И всегда оставалось одно, последнее, чуть растерянное в своей открытости к опустевшей жизни.

Голые железные сетки кроватей, как на донышке мира, и ни души, только коротконогая тушка кастелянши с мужеподобным ортопедическим лицом и в таких же ботинках переваливается по тропинке, унося посеревшие наволочки, сочащиеся тоненькой струйкой пуха из-под руки.

И оголяется, проступая повсюду, это пустыное костяное пространство с беззащитною детскою щемью, с этим жалобным пухом, летящим из-под руки – из-под этой подрубленной одутловатой ничейной руки – и уже отовсюду во все концы света летящим.

А где-то на другом краю мира – маленькая женьшеньщинка с бантом на голове, в белой кувшинке платьица и чуть косящих по сторонам сандалях бродит по сумрачным галереям ее фамильного замка, в котором теперь музей, и никто их в этой, уже отгороженной от них стране не окликнет – ни мать с отцом, сидящих в лодочке на берегу, ни деда, бродящего с нею по галереям. И она поводит своим чуть вздернутым плечиком, не выпуская руки, зажмуренной в теплой песчаной ладони деда.

– А что Амир? – говорю. – Рисует?

– Утром в Дели уехал, на рынок, с Клодом. Покупать цимбалы.

– Он разве играет?

– Да. Но это для Клода. Помочь выбрать. – Встает, сводит ладони, нагибает голову. – Пора. – Улыбается. – Свиданье у меня. – И, уже на ходу, обернувшись: – С Гангой.

Лежим.
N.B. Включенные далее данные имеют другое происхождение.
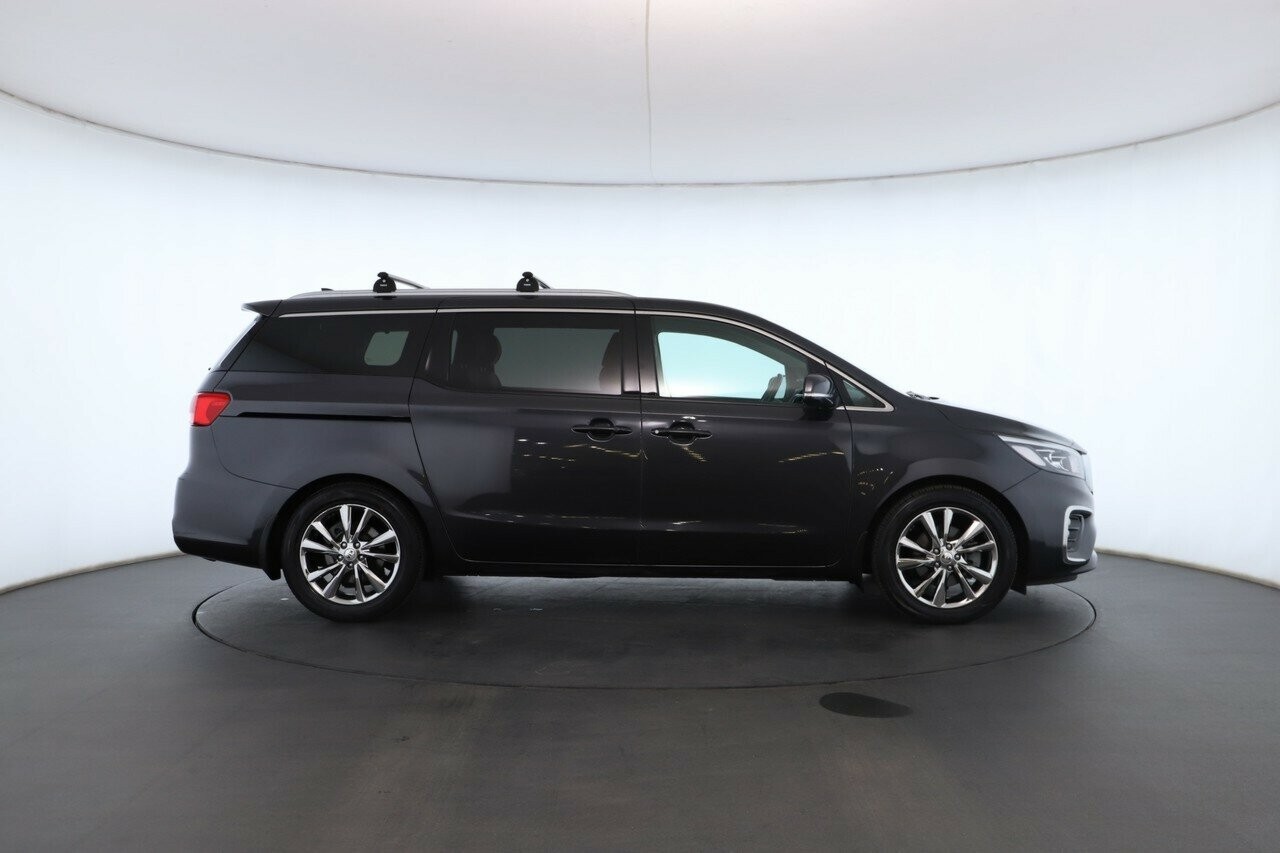 Kia Carnival image 3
С закрытыми глазами. Глядим.

Я беру ее ладонь на ощупь в траве, она сворачивается клубочком в моей.

– Хорошо тебе? – спрашиваю, не открывая глаз.

– А я тебя не очень отягощаю, правда? – продолжает она.

– Правда, – говорю. – Не пора ли нам на свиданье?

– С рекой?

– Нет, друг к другу.

Не шелохнется. Так и лежим, покачиваясь на слепящих ресницах.